• [Exercise requirements] Range to output from the entries below: the line containing "Планшет Teclast P30T" through the line containing "Ліхтар 2E USB-C". Set it down exactly, ends included, nothing else.

• [Provided records]

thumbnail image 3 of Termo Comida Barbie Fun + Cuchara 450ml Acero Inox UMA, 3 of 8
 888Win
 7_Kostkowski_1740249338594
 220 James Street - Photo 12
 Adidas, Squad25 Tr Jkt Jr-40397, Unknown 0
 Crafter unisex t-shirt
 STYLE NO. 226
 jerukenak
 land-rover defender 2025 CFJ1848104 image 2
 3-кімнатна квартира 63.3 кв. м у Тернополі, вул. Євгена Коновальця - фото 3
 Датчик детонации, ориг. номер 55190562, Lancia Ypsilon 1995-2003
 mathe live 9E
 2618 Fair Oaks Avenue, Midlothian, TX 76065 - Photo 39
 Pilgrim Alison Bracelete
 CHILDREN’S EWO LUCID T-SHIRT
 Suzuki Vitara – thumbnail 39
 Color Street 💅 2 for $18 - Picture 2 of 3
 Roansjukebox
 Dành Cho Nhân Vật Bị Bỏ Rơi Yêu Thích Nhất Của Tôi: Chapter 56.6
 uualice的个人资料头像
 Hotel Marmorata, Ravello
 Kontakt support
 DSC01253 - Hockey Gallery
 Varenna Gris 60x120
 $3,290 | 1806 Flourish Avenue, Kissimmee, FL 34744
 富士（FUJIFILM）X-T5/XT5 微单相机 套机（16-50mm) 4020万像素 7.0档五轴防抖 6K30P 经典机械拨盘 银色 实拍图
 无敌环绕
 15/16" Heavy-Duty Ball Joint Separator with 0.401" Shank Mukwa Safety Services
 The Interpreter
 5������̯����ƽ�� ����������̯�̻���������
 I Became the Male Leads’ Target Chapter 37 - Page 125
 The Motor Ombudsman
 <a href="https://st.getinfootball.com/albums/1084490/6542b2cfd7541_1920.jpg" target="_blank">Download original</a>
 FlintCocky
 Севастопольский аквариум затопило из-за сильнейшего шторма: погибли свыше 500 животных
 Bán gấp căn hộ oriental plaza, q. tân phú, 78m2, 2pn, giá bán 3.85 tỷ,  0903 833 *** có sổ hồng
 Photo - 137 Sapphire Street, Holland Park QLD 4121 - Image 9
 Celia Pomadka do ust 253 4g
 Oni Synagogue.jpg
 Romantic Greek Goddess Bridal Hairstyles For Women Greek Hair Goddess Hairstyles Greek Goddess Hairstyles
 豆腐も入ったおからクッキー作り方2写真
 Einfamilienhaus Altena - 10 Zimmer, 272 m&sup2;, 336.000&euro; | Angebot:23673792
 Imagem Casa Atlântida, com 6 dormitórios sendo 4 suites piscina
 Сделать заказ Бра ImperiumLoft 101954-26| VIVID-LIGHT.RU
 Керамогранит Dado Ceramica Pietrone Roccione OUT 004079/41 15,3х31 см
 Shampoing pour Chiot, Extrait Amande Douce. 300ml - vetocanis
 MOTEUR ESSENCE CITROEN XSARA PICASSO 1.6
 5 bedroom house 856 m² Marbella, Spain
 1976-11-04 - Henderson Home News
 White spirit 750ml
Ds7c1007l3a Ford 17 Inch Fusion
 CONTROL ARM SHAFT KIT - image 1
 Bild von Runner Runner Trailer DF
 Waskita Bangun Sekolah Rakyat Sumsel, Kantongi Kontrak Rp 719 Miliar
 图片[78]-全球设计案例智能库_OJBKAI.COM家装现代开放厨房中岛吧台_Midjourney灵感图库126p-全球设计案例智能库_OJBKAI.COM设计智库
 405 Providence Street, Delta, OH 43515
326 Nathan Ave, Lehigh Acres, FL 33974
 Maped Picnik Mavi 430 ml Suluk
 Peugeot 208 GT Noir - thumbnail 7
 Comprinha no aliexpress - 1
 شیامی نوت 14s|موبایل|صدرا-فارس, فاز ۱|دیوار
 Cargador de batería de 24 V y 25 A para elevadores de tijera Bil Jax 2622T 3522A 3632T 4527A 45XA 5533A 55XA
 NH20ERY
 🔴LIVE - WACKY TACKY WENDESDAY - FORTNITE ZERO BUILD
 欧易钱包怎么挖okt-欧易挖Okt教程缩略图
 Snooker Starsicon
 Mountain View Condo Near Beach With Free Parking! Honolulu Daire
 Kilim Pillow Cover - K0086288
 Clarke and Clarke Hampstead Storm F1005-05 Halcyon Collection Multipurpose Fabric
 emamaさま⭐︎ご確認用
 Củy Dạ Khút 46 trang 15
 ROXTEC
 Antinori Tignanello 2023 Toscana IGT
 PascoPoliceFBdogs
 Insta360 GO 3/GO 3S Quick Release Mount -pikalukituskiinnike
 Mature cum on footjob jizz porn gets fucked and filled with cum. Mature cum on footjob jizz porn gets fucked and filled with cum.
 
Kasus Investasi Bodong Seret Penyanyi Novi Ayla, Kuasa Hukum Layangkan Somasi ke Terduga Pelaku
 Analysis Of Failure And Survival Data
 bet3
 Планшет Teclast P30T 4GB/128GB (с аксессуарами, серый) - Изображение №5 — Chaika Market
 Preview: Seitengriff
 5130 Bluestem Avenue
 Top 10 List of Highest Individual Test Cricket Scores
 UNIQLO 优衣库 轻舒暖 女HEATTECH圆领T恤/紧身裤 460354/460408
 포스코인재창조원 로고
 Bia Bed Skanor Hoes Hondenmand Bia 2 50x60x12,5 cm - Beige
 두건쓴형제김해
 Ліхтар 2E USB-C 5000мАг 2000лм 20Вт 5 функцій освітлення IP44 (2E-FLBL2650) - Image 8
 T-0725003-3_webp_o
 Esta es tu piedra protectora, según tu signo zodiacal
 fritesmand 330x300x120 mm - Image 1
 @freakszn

• [Task output]
 Планшет Teclast P30T 4GB/128GB (с аксессуарами, серый) - Изображение №5 — Chaika Market
 Preview: Seitengriff
 5130 Bluestem Avenue
 Top 10 List of Highest Individual Test Cricket Scores
 UNIQLO 优衣库 轻舒暖 女HEATTECH圆领T恤/紧身裤 460354/460408
 포스코인재창조원 로고
 Bia Bed Skanor Hoes Hondenmand Bia 2 50x60x12,5 cm - Beige
 두건쓴형제김해
 Ліхтар 2E USB-C 5000мАг 2000лм 20Вт 5 функцій освітлення IP44 (2E-FLBL2650) - Image 8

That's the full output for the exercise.